ルイ9世は第8回十字軍でチュニジアを訪れ、1270年にカルタゴで病死したと伝えられています。そのため、この大聖堂は彼の名を冠し、フランスとチュニジアの歴史的な結びつきを象徴する建築物となりました。
しかし、チュニジアが1956年に独立すると、カトリック教会の影響力が弱まり、大聖堂は宗教施設としての役割を終えることになりました。現在は「Acropolium de Carthage」として文化センターに生まれ変わり、コンサートやイベントが開催されています。
この大聖堂はカルタゴ遺跡の丘の上にあり、遺跡を一望できる絶好のロケーションにあります。訪れると、壮麗な建築とともに、カルタゴの歴史の重みを感じることができます。宗教施設としての役割は終えましたが、今もなお文化と歴史を伝える大切な場所となっています。
カルタゴを訪れた際には、ぜひこのセントルイス大聖堂にも足を運んでみてください。
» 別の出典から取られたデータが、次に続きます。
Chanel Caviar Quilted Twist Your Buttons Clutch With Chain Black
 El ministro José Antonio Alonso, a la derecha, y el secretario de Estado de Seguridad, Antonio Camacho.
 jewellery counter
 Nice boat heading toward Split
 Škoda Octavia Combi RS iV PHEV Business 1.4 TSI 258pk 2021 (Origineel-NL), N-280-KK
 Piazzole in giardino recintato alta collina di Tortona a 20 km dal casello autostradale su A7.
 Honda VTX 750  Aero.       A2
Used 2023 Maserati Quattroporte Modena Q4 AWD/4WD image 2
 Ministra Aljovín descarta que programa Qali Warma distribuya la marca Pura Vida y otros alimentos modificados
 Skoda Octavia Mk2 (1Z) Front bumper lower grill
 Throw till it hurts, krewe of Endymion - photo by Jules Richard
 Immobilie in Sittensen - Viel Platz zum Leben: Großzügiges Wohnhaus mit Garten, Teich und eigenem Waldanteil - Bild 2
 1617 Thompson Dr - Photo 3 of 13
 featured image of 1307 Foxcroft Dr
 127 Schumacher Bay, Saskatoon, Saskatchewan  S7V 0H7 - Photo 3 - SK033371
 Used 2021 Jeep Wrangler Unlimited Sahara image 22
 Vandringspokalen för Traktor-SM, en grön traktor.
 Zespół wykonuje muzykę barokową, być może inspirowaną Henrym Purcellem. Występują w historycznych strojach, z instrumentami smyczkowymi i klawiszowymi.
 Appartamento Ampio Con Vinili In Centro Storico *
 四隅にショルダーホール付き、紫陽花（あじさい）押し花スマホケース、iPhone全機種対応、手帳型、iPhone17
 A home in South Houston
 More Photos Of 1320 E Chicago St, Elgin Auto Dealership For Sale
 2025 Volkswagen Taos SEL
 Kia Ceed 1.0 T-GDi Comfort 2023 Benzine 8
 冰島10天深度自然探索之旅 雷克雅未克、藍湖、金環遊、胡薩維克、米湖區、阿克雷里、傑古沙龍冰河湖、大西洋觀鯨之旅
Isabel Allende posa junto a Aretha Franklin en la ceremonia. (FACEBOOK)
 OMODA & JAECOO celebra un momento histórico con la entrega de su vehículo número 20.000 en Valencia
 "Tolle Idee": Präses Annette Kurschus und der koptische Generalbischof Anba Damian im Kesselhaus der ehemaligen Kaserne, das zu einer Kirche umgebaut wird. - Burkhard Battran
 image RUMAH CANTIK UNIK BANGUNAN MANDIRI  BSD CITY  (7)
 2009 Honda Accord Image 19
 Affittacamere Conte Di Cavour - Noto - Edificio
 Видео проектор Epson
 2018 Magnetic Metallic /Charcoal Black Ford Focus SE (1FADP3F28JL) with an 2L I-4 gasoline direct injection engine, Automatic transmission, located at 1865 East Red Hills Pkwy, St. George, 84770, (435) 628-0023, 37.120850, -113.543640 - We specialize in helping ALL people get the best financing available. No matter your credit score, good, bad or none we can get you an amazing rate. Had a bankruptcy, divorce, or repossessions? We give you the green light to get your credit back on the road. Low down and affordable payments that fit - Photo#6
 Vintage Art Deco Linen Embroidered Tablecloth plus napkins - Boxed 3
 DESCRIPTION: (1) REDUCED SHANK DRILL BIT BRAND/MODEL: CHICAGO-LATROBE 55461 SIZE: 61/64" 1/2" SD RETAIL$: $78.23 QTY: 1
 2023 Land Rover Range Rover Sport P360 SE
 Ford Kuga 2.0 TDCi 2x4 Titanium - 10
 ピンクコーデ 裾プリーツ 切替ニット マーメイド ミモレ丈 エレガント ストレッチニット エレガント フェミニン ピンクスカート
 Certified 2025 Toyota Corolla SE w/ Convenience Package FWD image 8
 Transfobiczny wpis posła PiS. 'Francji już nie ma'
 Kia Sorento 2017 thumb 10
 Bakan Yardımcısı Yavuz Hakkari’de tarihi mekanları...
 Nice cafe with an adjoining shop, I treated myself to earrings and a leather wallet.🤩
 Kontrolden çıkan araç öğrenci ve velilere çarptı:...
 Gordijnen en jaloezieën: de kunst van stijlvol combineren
歴史と文化が交差するこの場所で、かつての時代の息吹を感じることができるでしょう。
ルイ9世
ルイ9世(Louis IX)は1214年4月25日に生まれたフランスの王様で、「聖王(サン・ルイ)」とも呼ばれています。彼はわずか12歳でフランスの王位につきましたが、幼い頃は母親であるブランシュ・ド・カスティーユ(Blanche de Castille)が摂政として国を支えました。
成長したルイ9世は非常に敬虔なキリスト教徒で、その信仰心は政治にも深く反映されました。彼は公平で公正な裁判を重視し、司法制度を整えることに力を注ぎました。また、各地に救貧院を作り、貧しい人々や病に苦しむ人々への慈善活動にも熱心に取り組み、国民から深く愛されました。
一方で、彼はキリスト教世界を守るために2度の十字軍を主導しました。最初の第7回十字軍ではエジプトを目指しましたが、マンスーラでの戦いに敗れ、捕虜になってしまいます。その後、多額の身代金を支払って解放され、無事にフランスに戻りました。しかし、彼の情熱はそれで収まらず、第8回十字軍で再び聖地を目指します。このときは北アフリカのチュニスを攻略しようとしましたが、疫病が広がり、ルイ自身も1270年8月25日に亡くなってしまいました。
彼の死後、その善行や敬虔な生活が称えられ、1297年には教皇ボニファティウス8世によって聖人に列せられました。フランスの国王の中で聖人となったのはルイ9世だけであり、今でもフランスでは彼を聖王として特別に尊敬しています。
さらに、彼がパリに建立した美しいゴシック様式のサント・シャペルは、キリストの茨の冠などの貴重な聖遺物を収めており、フランス文化の象徴となっています。また、アメリカのミズーリ州にある都市「セントルイス」も、このルイ9世に由来しています。
ルイ9世は、王としての強さだけでなく、人々への深い愛情と宗教的な情熱を持った特別な人物でした。その生涯は今も多くの人々に語り継がれています。